Game system, which includes everything about the game logic that imitates tripeaks solitaire.
Player model, which emulates player behavior based on a given decision-making logic.
Simulation environment, which connects all modules to run the simulation.
I used Python for the simulation and Unity for level design. The core system is also implemented in Unity to record the gameplay videos shown throughout this article.
These initial parameters are given to run the simulation:
Level configuration: they are generated from Unity.
Number of players.
Max iteration per player: we don’t want players try to complete the game forever if they somehow stuck.
Groups, as we discussed in Group-Based Randomization section.
Shuffle groups.
Stockpile matching probability parameters, based on constrained randomization.
Hold slot use probability.
Consecutiveness (calculated only for the probabilistic card generator model): This parameter represents the probability of generating a matching card between board cards.
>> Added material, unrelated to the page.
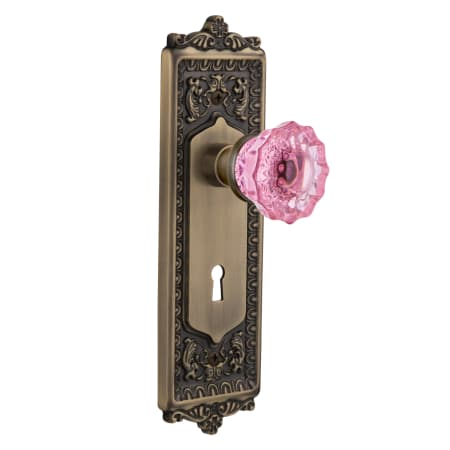 Nostalgic Warehouse Egg and Dart Solid Brass Single Dummy Door Knob with Pink Crystal Knob and Decorative Keyhole Antique Brass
For example, if it is 1.0, it means that each next card will have a match with an open card on the board. Its value is calculated as shown in the Consecutiveness section.
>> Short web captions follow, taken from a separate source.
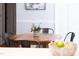 Cozy dining area featuring a round wooden table with black metal chairs and stylish decor at 657 Lakeview Dr, Stem, NC 27581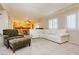 Bright living room with large sectional sofa and view of kitchen at 9904 Garamound Ave, Las Vegas, NV 89117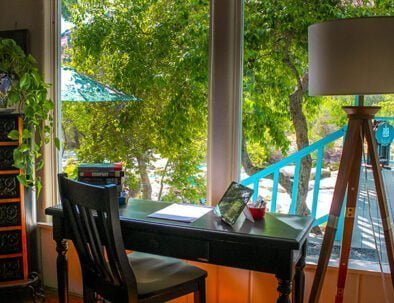 A black wooden desk stands ready for the arrival of a guest seeking writing inspiration from the garden and river view through this picture window.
Level configurations, groups, hold slot use probability, and consecutiveness change with different experiments. The number of players, max iterations per player, shuffle groups and stockpile matching probability are the same for all simulations. Their values are 1000, 1000, True and 1, respectively. Stockpile matching probability is always set to 1 to remove its effect on the number of stockpile cards drawn per player. Groups are always shuffled for each player to ensure that different players encounter different variations of the same level as much as possible.
1. Player Algorithm
As shown in the flowchart, players are not trying to find the best path, instead, they are playing randomly, in a way that makes sense from a logical perspective. Hold slot use depends on the probability, p_hold_slot, given in the configuration.
2. Simulation Results
In this section, you will find the initial configurations, simulation results, comparisons with theoretical calculations, and gameplay records of the levels simulated.
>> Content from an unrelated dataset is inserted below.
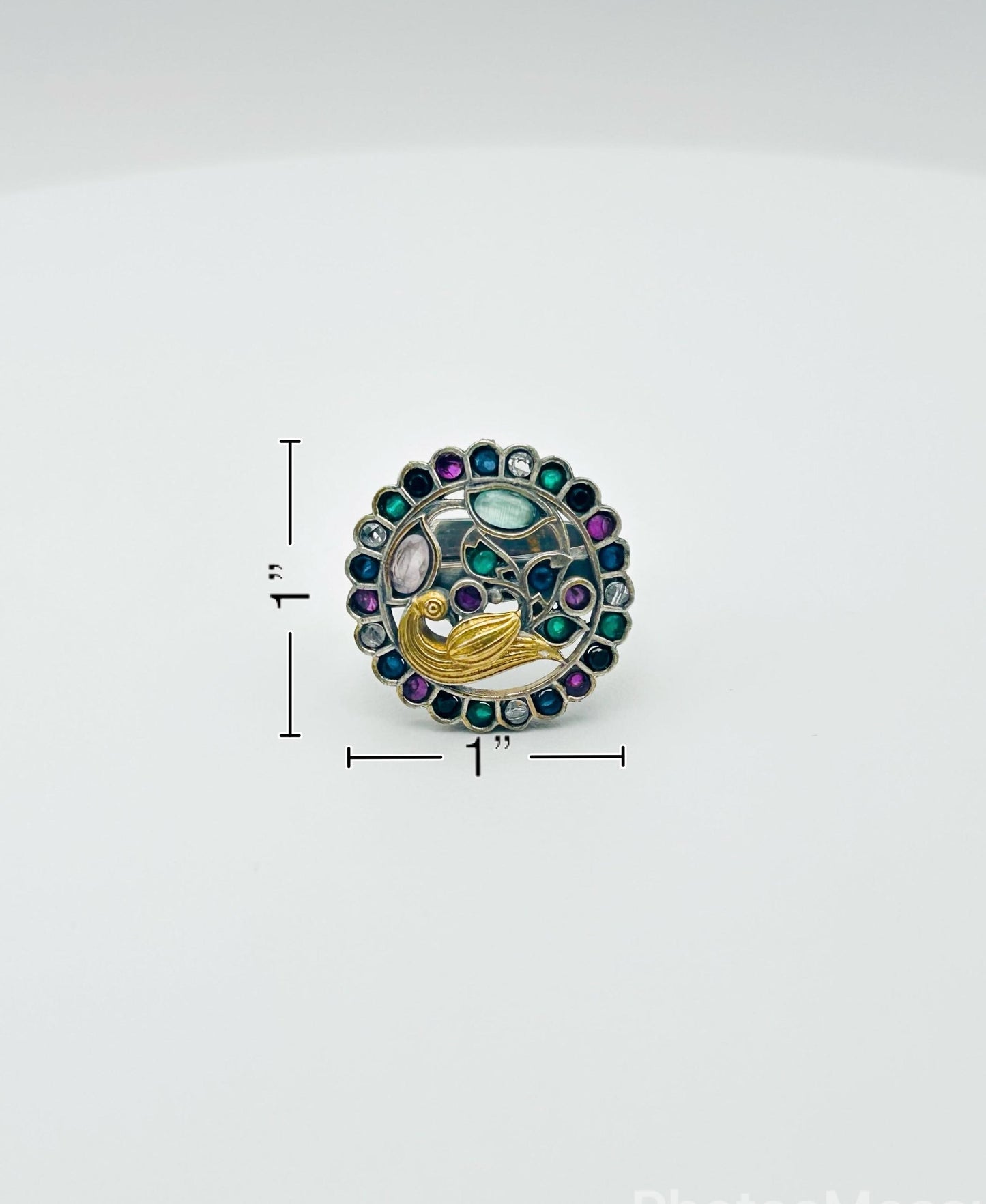 Decorative brooch with colorful gemstones on a white background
Simulation 1: Comparison with the Probabilistic Card Generator Model
So, you may think that what’s the point of creating a structured system while we can just use a purely probabilistic method while generating the ranks. Why do we need to invest time, when it is nearly as easy as writing, “I want the matching probability of the next opened board card to be 50% with another board card”?
Look at the videos below. The first one is completely based on a probabilistic model:
And the one below is the structured one that we discussed:
Did you notice any difference? It's hard to tell, except that I clearly drew 2 more cards in the group-based model. This is the main reason why so many of us don’t care too much about how the model will affect the result: because, obviously, we can’t just tell by playing it ourselves, and this can end with a very unpleasant result.
Let's first look at the configurations:
Level configuration: layout is as shown in the video. 24 cards in total.
Groups: 4 repeating groups with sizes: 6, 3, 2 and 1, which include both long and short group sizes. 6 is selected for the longest group to avoid exceeding the total number of unique cards (13 in total, from A to K) because these groups are repeating, and 2 groups of size 6 make a total of 12 cards. The total sizes of the other groups are also selected as 3, 2, and 1 for the same reason, and their total again equals 6. The total size of the first and second groups becomes 9, which is the max number of open cards that can be visible by design.
Hold slot use probability: 0.
Consecutiveness: 0.7 (calculated, only for probabilistic model).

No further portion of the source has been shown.